Challenges with Culture-By-Default


The .NET Framework was designed to support automatic culture-specific formatting in many APIs. In most cases, this is actually desirable. For example, the fact that dates will be formatted correctly when deployed in another culture without explicit code on your behalf is usually a welcomed feature. String sorting and comparison that differs automatically based on culture is usually great. Well, it's great until it causes problems for you, that is. Such problems range from benign bugs that only show up on international platforms to exploitable security holes in your Framework. The former is obviously much more common than the latter.

String Manipulation (ToString, Parse, and TryParse)

The canonical examples of culture-specific APIs in the Framework are the methods for transforming a primitive into its string representation and the reverse, parsing a string into a primitive. These are the ToString, Parse, and TryParse functions, and they are available on all of the primitive data types such as Int32 (C# int), Int64 (C# long), Double (C# double), DateTime, and Decimal (C# decimal), for example.

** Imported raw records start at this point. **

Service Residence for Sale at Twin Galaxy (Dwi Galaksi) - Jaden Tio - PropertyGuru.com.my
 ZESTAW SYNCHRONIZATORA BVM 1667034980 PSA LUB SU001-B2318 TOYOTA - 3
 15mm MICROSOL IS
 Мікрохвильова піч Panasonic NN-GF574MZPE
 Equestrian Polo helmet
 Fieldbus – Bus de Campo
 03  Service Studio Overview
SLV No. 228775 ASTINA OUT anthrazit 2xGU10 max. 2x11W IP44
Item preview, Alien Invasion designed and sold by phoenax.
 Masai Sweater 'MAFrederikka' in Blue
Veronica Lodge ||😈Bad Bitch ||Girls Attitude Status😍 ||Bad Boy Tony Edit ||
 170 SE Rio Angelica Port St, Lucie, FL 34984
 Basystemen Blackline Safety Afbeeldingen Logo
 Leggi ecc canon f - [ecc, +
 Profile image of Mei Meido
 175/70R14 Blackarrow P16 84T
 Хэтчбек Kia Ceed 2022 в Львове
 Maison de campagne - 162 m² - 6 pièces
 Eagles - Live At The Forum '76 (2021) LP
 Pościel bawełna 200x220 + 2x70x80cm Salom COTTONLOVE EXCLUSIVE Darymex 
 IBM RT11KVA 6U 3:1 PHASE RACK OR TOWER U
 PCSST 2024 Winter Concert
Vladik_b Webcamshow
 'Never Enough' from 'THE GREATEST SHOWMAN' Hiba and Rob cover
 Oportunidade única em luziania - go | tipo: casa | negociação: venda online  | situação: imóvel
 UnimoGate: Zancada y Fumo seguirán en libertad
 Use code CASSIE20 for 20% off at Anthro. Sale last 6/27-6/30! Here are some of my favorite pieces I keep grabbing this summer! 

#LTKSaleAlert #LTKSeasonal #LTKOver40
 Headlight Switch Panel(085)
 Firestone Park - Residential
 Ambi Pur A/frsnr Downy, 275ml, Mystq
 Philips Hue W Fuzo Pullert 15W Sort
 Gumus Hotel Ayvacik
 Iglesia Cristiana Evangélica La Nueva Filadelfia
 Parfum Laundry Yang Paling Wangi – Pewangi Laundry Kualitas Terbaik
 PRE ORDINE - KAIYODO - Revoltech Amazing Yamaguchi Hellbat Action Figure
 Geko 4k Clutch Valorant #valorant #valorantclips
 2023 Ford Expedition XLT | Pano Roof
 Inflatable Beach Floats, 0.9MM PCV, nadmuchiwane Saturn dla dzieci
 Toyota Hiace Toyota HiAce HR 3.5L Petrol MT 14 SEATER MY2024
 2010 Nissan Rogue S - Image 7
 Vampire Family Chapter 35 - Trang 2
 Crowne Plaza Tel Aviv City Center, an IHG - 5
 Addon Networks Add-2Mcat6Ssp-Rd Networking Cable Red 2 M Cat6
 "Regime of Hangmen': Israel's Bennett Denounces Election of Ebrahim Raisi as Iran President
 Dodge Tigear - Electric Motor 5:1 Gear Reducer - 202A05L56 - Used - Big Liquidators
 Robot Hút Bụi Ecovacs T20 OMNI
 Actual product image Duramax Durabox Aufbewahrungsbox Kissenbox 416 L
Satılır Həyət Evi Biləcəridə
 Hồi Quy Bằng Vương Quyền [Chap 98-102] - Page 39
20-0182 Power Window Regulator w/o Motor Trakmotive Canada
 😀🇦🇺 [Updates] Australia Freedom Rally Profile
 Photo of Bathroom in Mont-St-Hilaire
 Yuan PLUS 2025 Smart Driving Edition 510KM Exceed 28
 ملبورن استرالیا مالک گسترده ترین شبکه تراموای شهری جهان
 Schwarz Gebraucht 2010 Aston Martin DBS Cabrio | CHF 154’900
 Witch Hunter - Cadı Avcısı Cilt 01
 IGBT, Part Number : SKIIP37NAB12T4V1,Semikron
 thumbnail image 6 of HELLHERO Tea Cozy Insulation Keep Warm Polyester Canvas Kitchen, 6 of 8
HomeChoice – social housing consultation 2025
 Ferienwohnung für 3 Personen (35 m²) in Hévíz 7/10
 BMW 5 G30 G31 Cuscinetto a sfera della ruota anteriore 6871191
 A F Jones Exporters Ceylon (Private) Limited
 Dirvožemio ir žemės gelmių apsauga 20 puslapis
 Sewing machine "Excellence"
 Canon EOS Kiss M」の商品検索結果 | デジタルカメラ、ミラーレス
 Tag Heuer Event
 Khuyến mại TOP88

What you might not already know is that the primitive types also offer overloads of ToString, Parse, and TryParse that accept an IFormatProvider. We mentioned above that IFormatProvider is the common unification for passing around formatting specifications. This enables you to pass a precise culture XxxFormatInfo instance to modify the default behavior.

The default implementations of these methods use the CultureInfo.CurrentCulture property as the IFormatProvider. This means that by default you'll get behavior that varies depending on the culture on the thread executing. If you're parsing a list of numbers from a text file, for example, this could fail unpredictably when switching to an alternative culture:

 string numberString = "33,200.50"; double number = double.Parse(numberString); 

This is an innocent piece of code which (in an English culture, at least) works just fine. But try running it after the following line of code (which might happen implicitly based on the current user's Windows profile, or without your knowledge in some code that your coworker haphazardly wrote):

 Thread.CurrentThread.CurrentCulture = CultureInfo.GetCultureInfo("de-DE"); 

Your code will actually fail at runtime with a FormatException (or return false if you used TryParse). Why? Well, de-DE represents the German culture where the comma (,) character is used instead of period (.) to separate the decimal portion of a number. Likewise, period (.) is used instead of comma (,) to separate groups of three numbers. So in Germany, the number 33,200.50 doesn't make any sense. If the original string were, say, "200.50" something even worse would happen: The application would silently parse the number successfully, but it would mean something entirely different (twenty thousand fifty instead of two hundred and one-half). If this were part of a bank transaction routine, somebody is liable to become unhappy when he or she finds out about this bug!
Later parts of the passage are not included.